Announcing the new NER: Vol. 34, #1

Categories: News & Notes

The new issue of New England Review has just shipped from the printer, and a preview is available here on our website. In this issue, Joseph McElroy turns his mind to the ways of wetlands and the costs of human intervention; Kathleen Chaplin listens for the death knock through generations of her Irish family; Ashley Hope Pérez assesses Anne Sexton’s difficult ambitions as a poet and teacher; Joanne Jacobson follows her mother into a garden that grows smaller with time; and in a selection of letters spanning his productive career, Italo Calvino reveals his life as a writer conditioned by history.

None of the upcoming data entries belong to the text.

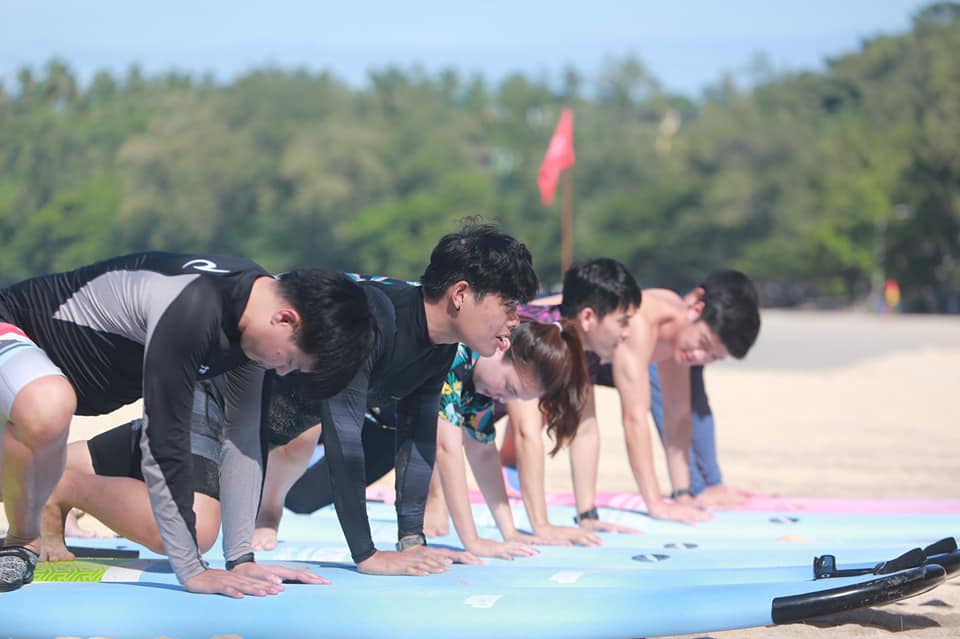 布吉島衝浪課程（Beyond Surf Kata Phuket提供）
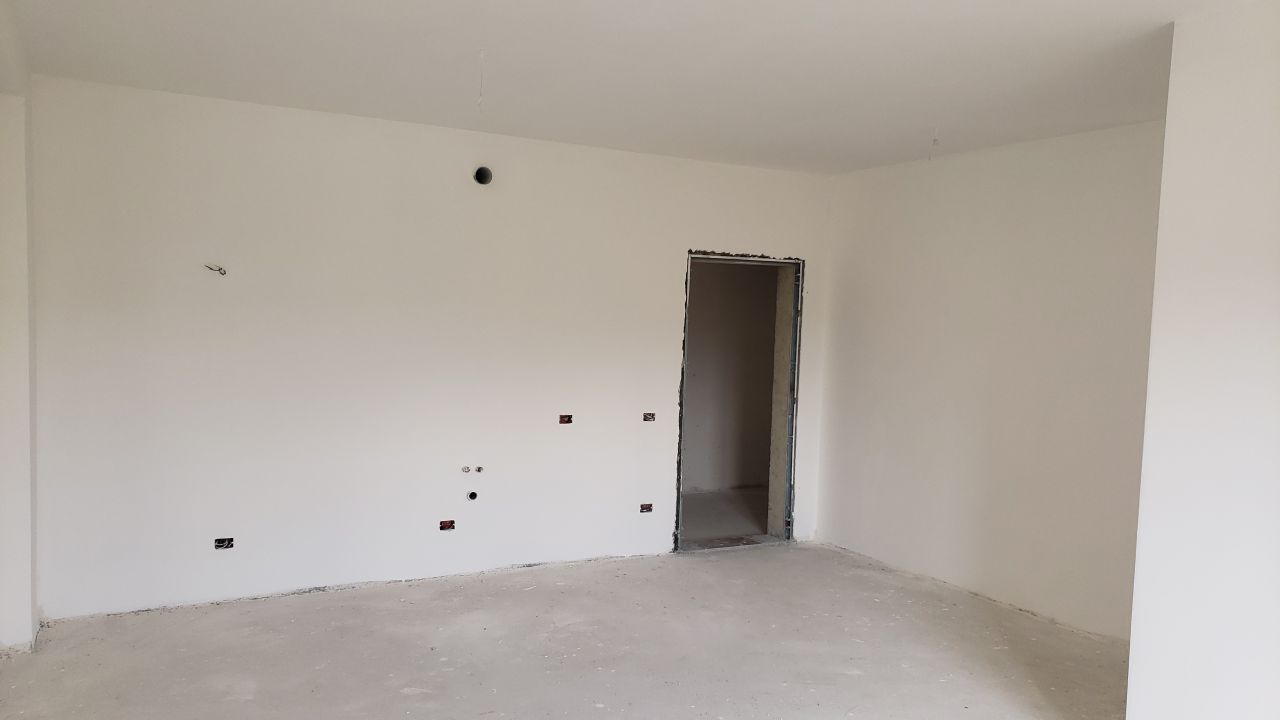 Mieszkanie z dwiema sypialniami na sprzedaż w Golem Durres w Albanii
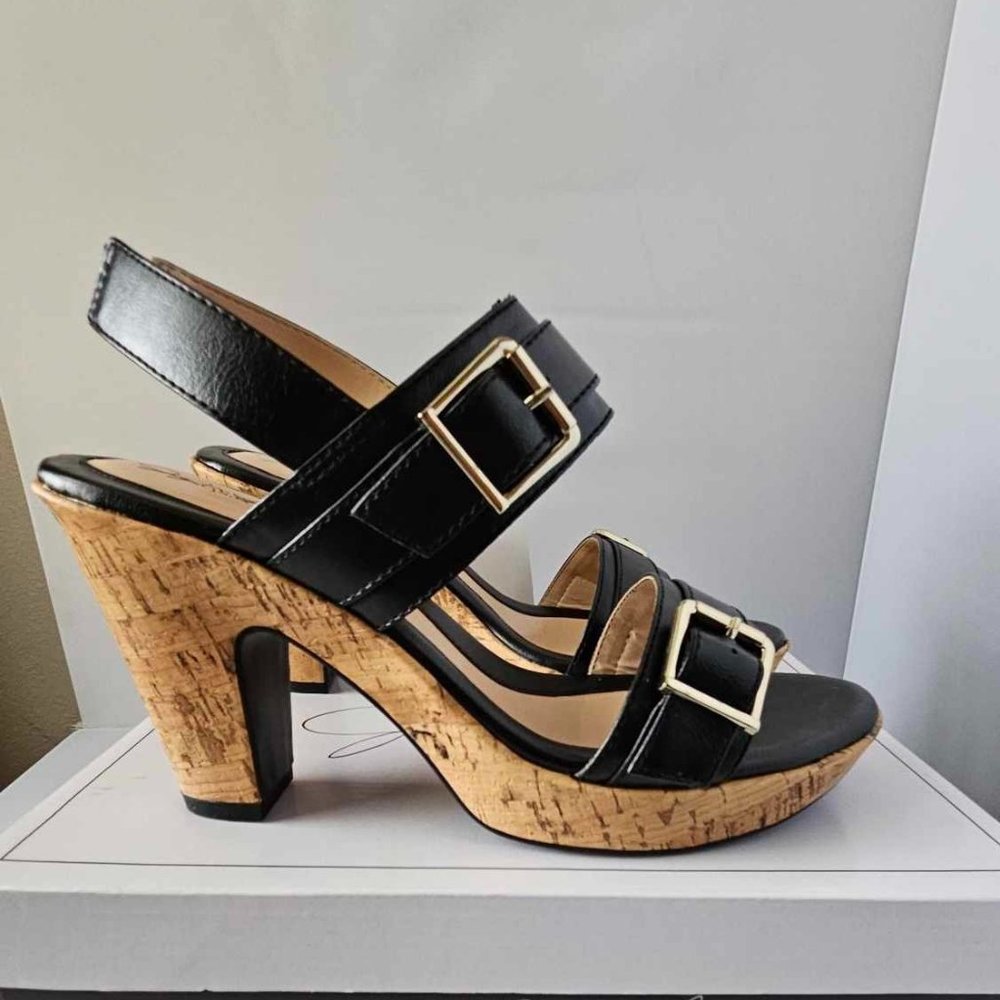 Jaclyn Smith Women’s Maxey Black Platform Buckle Slingback Sandals Size 10M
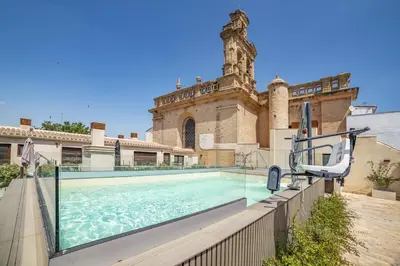 Piscina en o cerca de Los Patios de Feria - Los Naranjos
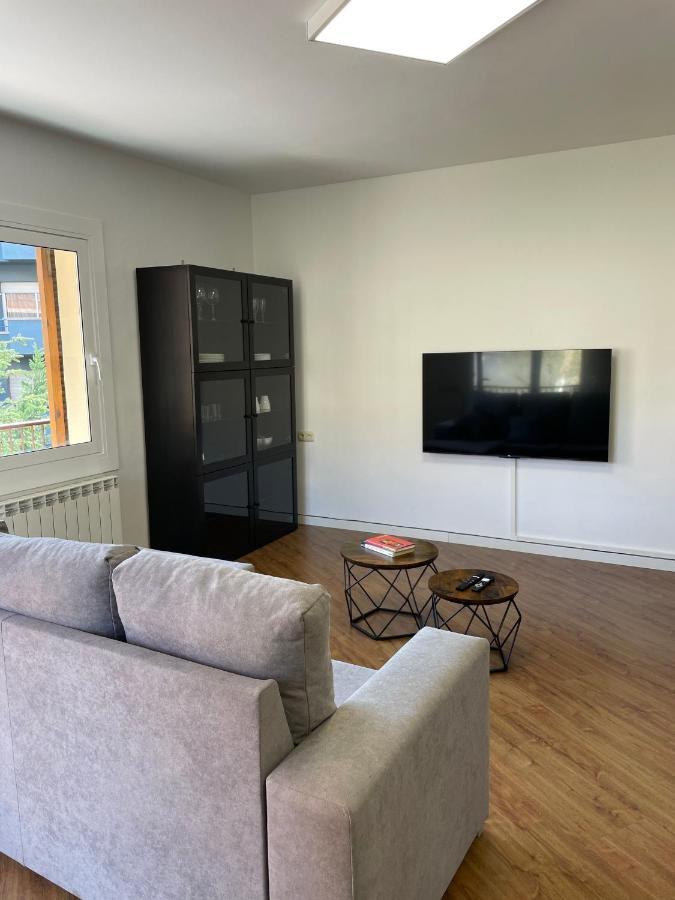 Apartamento Centrico En Berga - Alberga Eksteriør billede
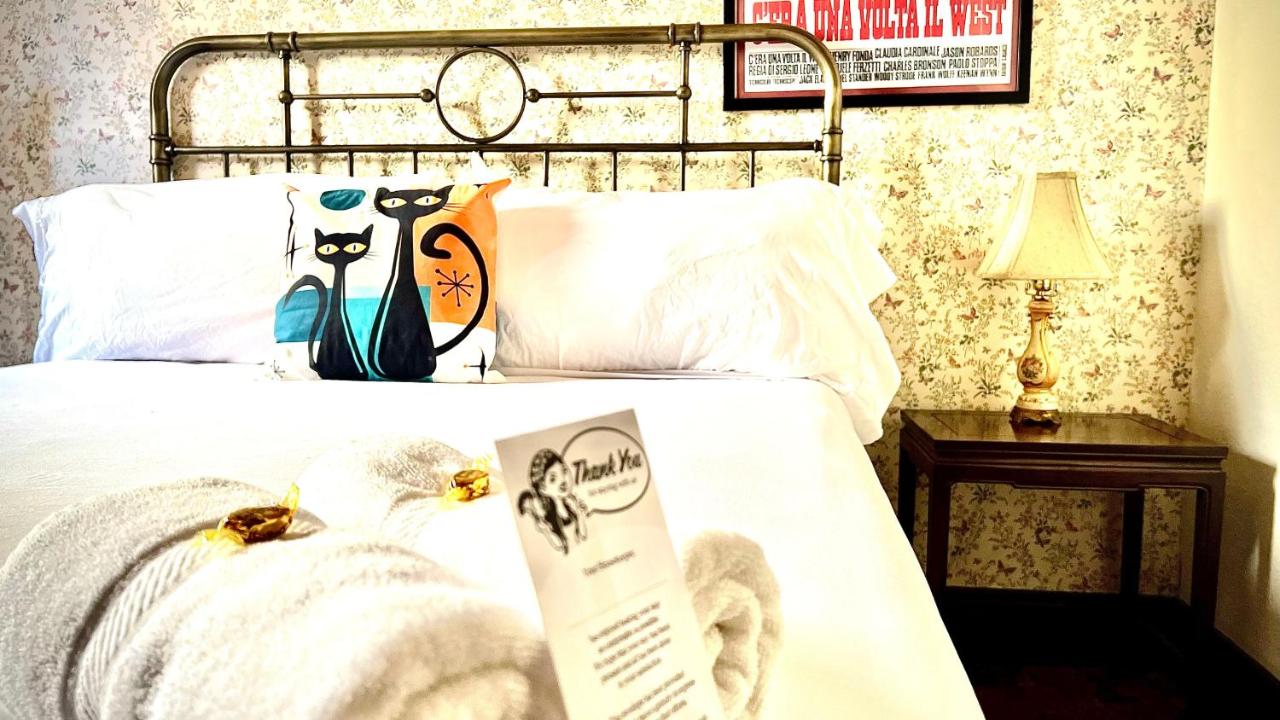 | Hotel La More at The Bisbee Inn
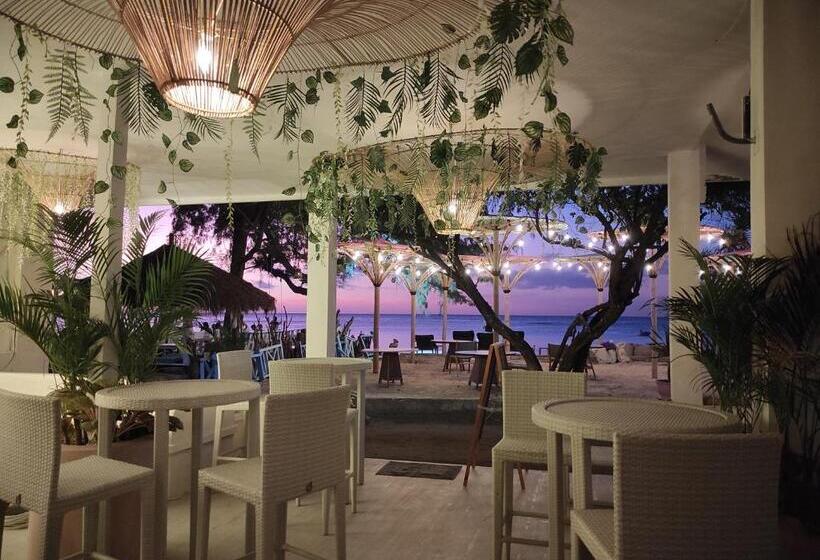 Playa Bonita Hotel & Beach Club Gili Air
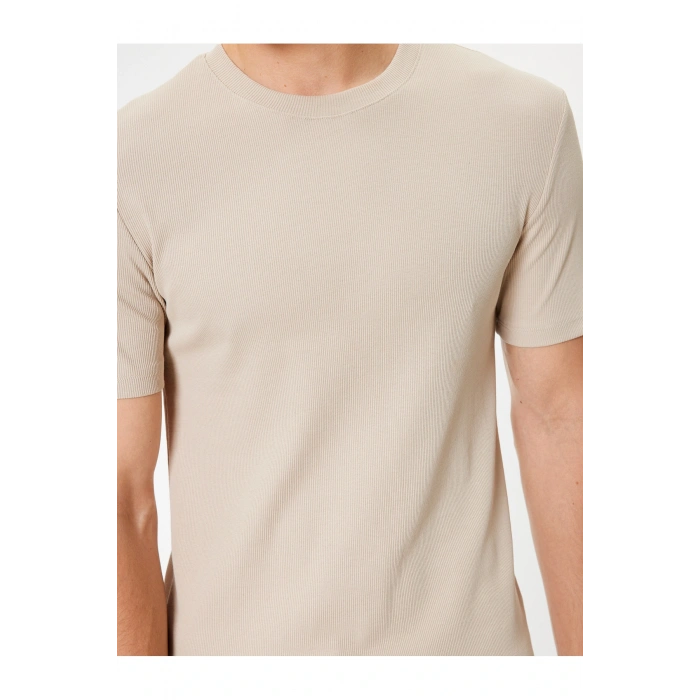 Basic Kısa Kollu Bisiklet Yaka Slim Fit Tişört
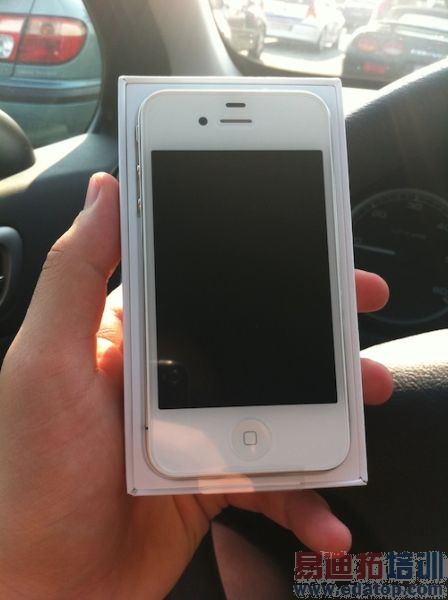 �����������ѿ�ʼ���۰�ɫ��iPhone 4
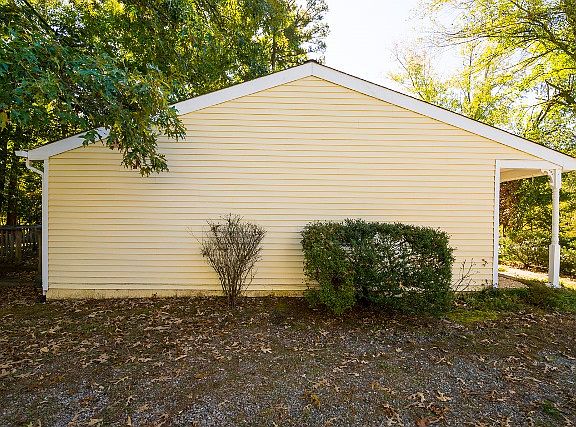 3rd image of 4307 Walton Farms Dr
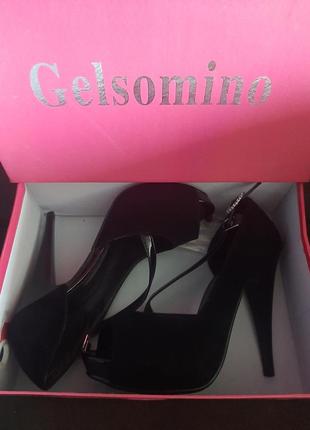 Босоніжки нові 35р-23см устілка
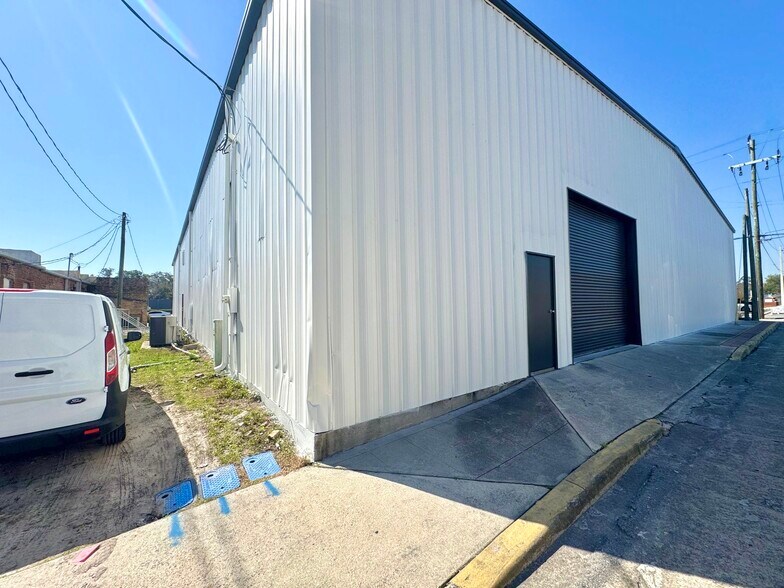 More Photos Of 131 W Duval St, Lake City Storefront Retail Office For Lease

Also in these pages you’ll find new poems by Aaron Baker, Reginald Dwayne Betts, Joanne Dominique Dwyer, Tarfia Faizullah, Debora Greger, Benjamin S. Grossberg, Joshua R. Helms, James Hoch, Maria Hummel, Eric Pankey, Melissa Range, and Andres Rojas; new fiction from Michael Coffey, Kathryn Davis, Steve De Jarnatt, Lisa Van Orman Hadley, and Christine Sneed; and a translation of Yves Bonnefoy by Hoyt Rogers. On the cover is Schroon River #2 by Irma Cerese. We dedicate this issue to NER contributor A. J. Sherman (1934–2013): distinguished author, generous friend, unfailing observer.